9) THENCE North 54 degrees 31 minutes 45 seconds East 114.79 feet to an iron pipe set at the southeast corner of Lot 17;

10) THENCE along the line between lots 17 and 16 North 35 degrees 28 minutes 15 seconds West 25.00 feet to an iron pipe set;

11) THENCE North 54 degrees 31 minutes 45 seconds East 49.96 feet to an iron pipe set in the line between Lots 16 and 15;

12) THENCE South 35 degrees 28 minutes 15 seconds East 25.00 feet to an iron pipe set at the southwest corner of Lot 15;

13) THENCE along the rear of Lots 15, 14, 13, 12 and 11 North 54 degrees 31 minutes 45 seconds East 273.73 feet to a found iron pipe;

14) THENCE South 35 degrees 28 minutes 15 seconds East 198.00 feet to an iron pipe set in the north bounds of the Conrall Railroad lands;

15) THENCE along said railroad north bounds South 54 degrees 31 minutes 45 seconds West 856.79 feet to an iron pipe set;


Schedule A cont’d

 

16) THENCE North 25 degrees 29 minutes 15 seconds West 201.05 feet to an iron pipe set at the southwest corner of Lots No. 25;

17) THENCE along the rear of Lot 25 and 24 North 54 degrees 31 minutes 45 seconds East 118.36 feet to an iron pipe set at the southeast comer of Lot No. 24;

18) THENCE North 35 degrees 28 minutes 15 seconds West along the line between lot 24 and 23 25.00 feet to an iron pipe set;

19) THENCE North 54 degrees 31 minutes 45 seconds East 50.00 feet to an iron pipe set in the line between Lots 23 and 22;

20) THENCE along said line North 36 degrees 28 minutes 15 seconds West 125.00 feet to the point and place of beginning.

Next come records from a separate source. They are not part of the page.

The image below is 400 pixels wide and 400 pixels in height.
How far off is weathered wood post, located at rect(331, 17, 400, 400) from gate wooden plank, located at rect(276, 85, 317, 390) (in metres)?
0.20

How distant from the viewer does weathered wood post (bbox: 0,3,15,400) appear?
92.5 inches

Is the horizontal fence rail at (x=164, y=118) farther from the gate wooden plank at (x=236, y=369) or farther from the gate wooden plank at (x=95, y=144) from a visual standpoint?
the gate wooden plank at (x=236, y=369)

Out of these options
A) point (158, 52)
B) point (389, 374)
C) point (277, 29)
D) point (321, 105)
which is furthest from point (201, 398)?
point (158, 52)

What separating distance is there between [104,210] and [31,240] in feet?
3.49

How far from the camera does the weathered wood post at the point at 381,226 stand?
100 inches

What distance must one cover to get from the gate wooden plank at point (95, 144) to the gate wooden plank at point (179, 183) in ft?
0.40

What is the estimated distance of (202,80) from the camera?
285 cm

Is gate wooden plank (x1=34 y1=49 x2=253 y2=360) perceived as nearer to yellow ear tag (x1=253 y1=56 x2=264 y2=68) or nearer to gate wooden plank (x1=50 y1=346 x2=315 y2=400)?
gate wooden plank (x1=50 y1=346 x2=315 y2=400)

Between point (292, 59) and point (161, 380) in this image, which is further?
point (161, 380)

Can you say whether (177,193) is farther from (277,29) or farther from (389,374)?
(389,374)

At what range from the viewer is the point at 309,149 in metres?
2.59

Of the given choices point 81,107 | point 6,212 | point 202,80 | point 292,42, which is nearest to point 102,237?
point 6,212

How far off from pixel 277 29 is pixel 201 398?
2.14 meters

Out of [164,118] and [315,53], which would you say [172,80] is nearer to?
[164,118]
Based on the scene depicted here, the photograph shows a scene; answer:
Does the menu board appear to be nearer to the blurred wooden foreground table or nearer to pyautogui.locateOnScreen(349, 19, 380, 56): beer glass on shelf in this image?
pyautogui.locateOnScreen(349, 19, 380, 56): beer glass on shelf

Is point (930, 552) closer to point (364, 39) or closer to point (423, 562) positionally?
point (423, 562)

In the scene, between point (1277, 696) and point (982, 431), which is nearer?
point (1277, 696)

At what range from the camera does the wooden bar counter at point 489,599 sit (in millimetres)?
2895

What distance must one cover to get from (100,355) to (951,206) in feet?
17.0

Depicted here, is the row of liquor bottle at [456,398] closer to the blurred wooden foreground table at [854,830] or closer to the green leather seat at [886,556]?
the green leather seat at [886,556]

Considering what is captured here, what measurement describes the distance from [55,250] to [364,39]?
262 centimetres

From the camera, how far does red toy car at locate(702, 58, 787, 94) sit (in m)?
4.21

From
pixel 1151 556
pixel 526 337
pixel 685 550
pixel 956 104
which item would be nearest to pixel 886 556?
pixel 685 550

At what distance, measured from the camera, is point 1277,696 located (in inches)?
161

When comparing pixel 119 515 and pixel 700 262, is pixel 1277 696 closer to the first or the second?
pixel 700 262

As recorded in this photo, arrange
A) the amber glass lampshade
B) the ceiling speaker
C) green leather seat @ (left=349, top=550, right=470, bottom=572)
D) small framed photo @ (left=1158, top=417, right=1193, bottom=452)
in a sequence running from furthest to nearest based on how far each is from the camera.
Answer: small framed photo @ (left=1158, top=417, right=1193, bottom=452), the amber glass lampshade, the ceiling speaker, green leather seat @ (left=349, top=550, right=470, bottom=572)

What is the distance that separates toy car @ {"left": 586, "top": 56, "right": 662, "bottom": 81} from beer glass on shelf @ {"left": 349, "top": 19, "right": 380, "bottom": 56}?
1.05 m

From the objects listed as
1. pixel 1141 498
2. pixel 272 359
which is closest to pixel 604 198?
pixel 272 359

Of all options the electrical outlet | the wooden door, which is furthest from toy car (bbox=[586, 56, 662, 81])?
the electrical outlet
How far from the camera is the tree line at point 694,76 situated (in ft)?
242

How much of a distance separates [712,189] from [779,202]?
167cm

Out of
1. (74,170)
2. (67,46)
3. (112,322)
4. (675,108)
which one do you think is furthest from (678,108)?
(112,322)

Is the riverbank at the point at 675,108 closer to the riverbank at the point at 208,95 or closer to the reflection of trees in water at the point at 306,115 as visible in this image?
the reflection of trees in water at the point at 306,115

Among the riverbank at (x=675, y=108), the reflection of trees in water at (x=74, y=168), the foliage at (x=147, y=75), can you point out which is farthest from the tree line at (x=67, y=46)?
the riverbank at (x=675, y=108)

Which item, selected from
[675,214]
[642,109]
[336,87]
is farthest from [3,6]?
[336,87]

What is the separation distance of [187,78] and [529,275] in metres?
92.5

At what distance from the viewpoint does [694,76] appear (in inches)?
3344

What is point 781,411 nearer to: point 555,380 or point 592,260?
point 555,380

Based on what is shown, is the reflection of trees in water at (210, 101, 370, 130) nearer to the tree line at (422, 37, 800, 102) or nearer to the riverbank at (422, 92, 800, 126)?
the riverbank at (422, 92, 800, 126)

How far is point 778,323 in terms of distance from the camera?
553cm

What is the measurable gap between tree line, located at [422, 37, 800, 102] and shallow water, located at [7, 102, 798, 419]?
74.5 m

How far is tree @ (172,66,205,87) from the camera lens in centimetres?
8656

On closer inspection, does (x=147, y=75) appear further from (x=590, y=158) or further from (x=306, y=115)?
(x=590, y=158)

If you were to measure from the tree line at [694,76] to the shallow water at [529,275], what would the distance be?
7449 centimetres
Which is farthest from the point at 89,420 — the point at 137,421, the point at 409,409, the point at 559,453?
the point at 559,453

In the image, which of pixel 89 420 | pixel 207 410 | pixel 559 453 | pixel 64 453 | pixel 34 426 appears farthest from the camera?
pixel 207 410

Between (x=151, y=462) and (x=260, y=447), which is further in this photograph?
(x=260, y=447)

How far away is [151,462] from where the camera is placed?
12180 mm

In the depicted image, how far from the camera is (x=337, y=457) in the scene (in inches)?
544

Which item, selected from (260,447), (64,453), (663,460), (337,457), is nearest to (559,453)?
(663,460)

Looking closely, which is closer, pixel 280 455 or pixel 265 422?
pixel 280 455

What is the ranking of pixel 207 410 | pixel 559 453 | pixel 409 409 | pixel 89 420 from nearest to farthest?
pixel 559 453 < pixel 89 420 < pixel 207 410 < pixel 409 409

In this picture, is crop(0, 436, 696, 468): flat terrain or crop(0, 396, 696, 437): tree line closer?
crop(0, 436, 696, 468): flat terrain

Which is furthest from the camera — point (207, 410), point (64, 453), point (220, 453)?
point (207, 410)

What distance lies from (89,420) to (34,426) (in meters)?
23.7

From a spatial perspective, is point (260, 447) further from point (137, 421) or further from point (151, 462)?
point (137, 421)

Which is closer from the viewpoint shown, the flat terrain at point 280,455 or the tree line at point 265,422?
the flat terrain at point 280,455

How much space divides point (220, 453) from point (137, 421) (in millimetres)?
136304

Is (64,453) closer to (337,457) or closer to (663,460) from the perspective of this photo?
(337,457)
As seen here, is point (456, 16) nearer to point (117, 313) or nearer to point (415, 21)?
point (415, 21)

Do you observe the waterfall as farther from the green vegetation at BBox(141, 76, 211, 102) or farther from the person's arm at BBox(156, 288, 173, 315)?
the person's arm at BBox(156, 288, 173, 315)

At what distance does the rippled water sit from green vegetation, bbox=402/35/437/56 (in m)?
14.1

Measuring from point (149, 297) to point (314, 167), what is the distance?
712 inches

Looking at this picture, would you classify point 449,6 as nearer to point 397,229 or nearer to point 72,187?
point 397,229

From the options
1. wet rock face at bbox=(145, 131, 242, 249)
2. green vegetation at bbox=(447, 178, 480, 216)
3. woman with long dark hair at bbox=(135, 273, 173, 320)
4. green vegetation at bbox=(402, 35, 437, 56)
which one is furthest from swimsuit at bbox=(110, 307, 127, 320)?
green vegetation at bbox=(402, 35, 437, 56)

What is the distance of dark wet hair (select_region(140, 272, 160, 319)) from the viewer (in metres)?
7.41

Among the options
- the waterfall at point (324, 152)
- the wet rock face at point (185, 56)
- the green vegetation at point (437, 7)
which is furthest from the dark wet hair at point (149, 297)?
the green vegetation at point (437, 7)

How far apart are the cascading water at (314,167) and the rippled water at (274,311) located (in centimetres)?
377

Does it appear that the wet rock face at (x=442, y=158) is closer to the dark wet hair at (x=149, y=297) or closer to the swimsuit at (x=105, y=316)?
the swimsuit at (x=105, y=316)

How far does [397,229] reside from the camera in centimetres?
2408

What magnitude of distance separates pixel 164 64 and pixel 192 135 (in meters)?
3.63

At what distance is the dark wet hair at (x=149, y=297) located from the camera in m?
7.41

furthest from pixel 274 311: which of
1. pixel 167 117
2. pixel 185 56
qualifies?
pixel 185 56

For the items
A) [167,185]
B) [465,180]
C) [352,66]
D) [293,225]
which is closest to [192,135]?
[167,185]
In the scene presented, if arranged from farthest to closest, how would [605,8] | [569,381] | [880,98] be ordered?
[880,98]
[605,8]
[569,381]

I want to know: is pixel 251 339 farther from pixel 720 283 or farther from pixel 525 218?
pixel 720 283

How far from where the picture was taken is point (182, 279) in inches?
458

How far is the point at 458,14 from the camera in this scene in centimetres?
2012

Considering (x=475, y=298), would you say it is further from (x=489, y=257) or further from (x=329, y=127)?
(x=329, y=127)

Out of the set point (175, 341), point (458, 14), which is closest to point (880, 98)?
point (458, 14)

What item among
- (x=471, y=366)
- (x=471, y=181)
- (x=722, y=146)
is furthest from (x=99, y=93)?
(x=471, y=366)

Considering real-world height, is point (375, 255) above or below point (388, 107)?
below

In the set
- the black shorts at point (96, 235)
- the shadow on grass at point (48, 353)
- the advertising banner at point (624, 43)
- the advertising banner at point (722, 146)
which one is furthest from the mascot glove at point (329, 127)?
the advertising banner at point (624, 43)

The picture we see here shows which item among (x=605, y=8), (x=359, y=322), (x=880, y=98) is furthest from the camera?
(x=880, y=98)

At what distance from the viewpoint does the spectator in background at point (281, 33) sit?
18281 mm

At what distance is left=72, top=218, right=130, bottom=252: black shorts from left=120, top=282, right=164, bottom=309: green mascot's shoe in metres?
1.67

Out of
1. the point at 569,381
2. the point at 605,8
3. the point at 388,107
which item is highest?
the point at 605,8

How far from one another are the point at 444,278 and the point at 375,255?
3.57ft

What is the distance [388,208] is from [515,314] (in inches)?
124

TOGETHER WITH THE FOLLOWING:

All the grantor’s right, title, if any, in and to the following:

(I) a parcel of land on the north side of the centerline of Bolton Street, described al Parcel 2 in deed from Samuel Child et al to Rushmore Paper Mills, Inc. dated June 1, 1935, and recorded in Liber 292 or Deeds at page 303, and

(II) a parcel of land adjoining a portion of the northern boundary of Parcel I. described above, identified as “By Deed Description” on Plant Site Plat, being a portion of the property conveyed by deed from Samuel Child et al to Rushmore Paper Mills Inc., dated June 1, 1935, recorded In Liber 292 of Deeds at page 303.

Being the same fee parcels conveyed to Cellu Tissue Corporation - Natural Dam by deed from the Fonda Group, Inc. dated March 24, 1998 and recorded April 29, 1998 In the St. Lawrence County Clerk’s Office as Instrument No. 1998-00000298.]